THE CANADIAN PRESS

Réuni vendredi à Montréal, le conseil d’administration de l’Union des municipalités du Québec (UMQ) réclame au gouvernement fédéral un tiers des futurs revenus liés à la légalisation du cannabis prévue le 1er juillet 2018.

«Il y a trois gouvernements impliqués dans ce dossier. On doit être trois gouvernements à décider et trois gouvernements aussi à se partager les recettes des taxes qui seront perçues», a clamé le président de l’UMQ et maire de DrummondvilleAlexandre Cusson.

Pour justifier cette prise de position, l’UMQ évoque des dépenses liées «à l’ajustement des services municipaux», mais surtout à la formation des policiers. Celle-ci, selon l’évaluation faite par ce regroupement, pourrait coûter «jusqu’à 10 000$ par policier».

«On doit s’assurer que les forces de l’ordre aient la capacité de gérer les impacts. C’est ce que la population attend, a pour sa part souligné la mairesse de Montréal, Valérie Plante. Ces sources de revenus vont nous donner les moyens de nos ambitions.»

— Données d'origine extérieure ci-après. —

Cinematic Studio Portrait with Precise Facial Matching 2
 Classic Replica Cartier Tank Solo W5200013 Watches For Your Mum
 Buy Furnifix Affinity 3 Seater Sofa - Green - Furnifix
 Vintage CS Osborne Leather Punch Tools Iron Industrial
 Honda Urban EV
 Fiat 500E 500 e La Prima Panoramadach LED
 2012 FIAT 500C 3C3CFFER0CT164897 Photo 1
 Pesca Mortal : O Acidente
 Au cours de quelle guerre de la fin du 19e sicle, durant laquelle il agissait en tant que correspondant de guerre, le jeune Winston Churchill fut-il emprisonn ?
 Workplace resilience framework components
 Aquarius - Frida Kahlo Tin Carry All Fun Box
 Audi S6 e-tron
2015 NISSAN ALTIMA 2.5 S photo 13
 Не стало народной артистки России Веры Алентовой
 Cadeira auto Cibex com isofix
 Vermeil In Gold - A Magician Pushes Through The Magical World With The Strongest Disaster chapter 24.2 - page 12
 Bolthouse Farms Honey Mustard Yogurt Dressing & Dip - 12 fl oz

Pour l’UMQ, qui rejette l’idée d’une taxe municipale, les revenus doivent donc être distribués équitablement entre le fédéral, les provinces et les municipalités. «On ne taxera pas sur une base municipale les citoyens pour remplir une promesse fédérale. Les fonds doivent venir avec», a précisé M. Cusson.

«C’est nous, au niveau municipal, qui sommes sur la ligne de front. On va gérer les impacts sur le terrain, donc on veut être considéré dans la question des redevances pour qu’on soit bien outillé.» – Valérie Plante, mairesse de Montréal

À ce jour, cette solution n’a pas encore trouvé grâce auprès du gouvernement de Justin Trudeau. Alors que celui-ci a fait adopter lundi le projet de loi visant à la décriminalisation de la marijuana, Ottawa avait proposé, début octobre, une répartition moitié-moitié, entre le fédéral et les provinces, des redevances. Charge ensuite aux provinces d’évaluer les besoins des municipalités, laissait entendre l’administration fédérale.

Les municipalités du Québec ont également fait valoir leur souhait d’être consultées pour l’implantation des prochains lieux de vente.

«Il faudra s’assurer que non seulement on respecte les règles urbanisme avant d’ouvrir une succursale, mais il faut aussi consulter les municipalités sur le choix de l’endroit, a expliqué M. Cusson. Ça peut avoir un impact social. Il ne faut pas choisir n’importe quel quartier, n’importe quel coin de rue. Personne n’est mieux placé que les élus municipaux qui sont sur le terrain. »­

«On doit aussi faire partie de l’équation car on est un gouvernement touché par cette réalité-là.» – Alexandre Cusson, président de l’UMQ

L’UMQ compte faire entendre sa voix en commission parlementaire, mardi. Un mémoire, avec les différentes revendications des maires québécois, y sera déposé.